For each, state the interval, apply the method step by step, and track how the bracket shrinks. Difficulty rises down the list.

  1. Define a unimodal function and explain why unimodality is required for region-elimination methods.
  2. Show that \(f(x) = x^2 - 4x + 7\) is unimodal on \([0,4]\) and find its minimum analytically.

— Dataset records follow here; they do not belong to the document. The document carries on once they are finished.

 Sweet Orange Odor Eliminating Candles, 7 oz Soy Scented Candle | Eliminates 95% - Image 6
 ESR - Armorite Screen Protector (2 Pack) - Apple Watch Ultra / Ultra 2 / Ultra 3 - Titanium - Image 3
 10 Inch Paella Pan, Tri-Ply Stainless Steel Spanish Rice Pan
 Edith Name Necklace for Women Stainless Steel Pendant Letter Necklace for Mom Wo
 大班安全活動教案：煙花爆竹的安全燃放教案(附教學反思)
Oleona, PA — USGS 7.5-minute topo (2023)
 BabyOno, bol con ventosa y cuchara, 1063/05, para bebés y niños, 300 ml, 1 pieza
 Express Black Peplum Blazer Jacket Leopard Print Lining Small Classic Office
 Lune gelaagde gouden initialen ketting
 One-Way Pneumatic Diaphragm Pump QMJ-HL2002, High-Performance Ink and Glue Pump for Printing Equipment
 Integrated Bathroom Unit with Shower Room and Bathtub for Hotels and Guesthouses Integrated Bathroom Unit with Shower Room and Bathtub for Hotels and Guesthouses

  3. Describe a bracketing procedure that finds an interval containing the minimum, starting from a single point.
  4. State the golden-ratio value \(\tau\) and derive the two golden-section point formulas for an interval \([a,b]\).
  5. Minimise \(f(x) = (x-3)^2\) on \([0,6]\): carry out two golden-section iterations and report the interval after each.
  6. For golden-section search, how many iterations reduce an interval of length \(4\) to \(\le 0.1\)? Show the calculation.
  7. Using Fibonacci search, find the smallest number of evaluations to reduce a length-\(4\) interval to \(\le 0.1\).
  8. Explain why Fibonacci search needs \(n\) fixed in advance while golden-section does not, and state the trade-off.
  9. Fit a parabola through three points of \(f(x) = x^2 - 6x + 10\) and confirm the interpolated minimiser is \(x = 3\).
  10. Apply one Newton line-search step to \(f(x) = x^4 - 3x\) from \(x_0 = 1\), and comment on whether it moved toward the minimum.
  11. Write the Armijo and Wolfe conditions for \(\phi(\alpha) = F(\mathbf{x}_k + \alpha\,\mathbf{d}_k)\) and explain what each one prevents.
  12. Given \(F(\mathbf{x}_k) = 10\), \(\nabla F^{\top}\mathbf{d}_k = -4\), and \(c_1 = 10^{-4}\), find the largest \(F(\mathbf{x}_k + \alpha\mathbf{d}_k)\) that passes the Armijo test at \(\alpha = 0.5\).
Tip: keep the two families straight by what they assume. Elimination methods (Fibonacci, golden section) ask only "which point is lower?" — they need nothing but unimodality, never a derivative, and they cannot be fooled by a badly-scaled or noisy function, which is why they are the safe default. Interpolation methods (quadratic, Newton) assume the function is smooth and shaped roughly like the model they fit; when that assumption holds they are dramatically faster, but a poor start or negative curvature can send them the wrong way. In practice the two are combined: bracket robustly with golden-section-style elimination, then switch to interpolation to polish the minimum once the bracket is small and the function looks locally quadratic.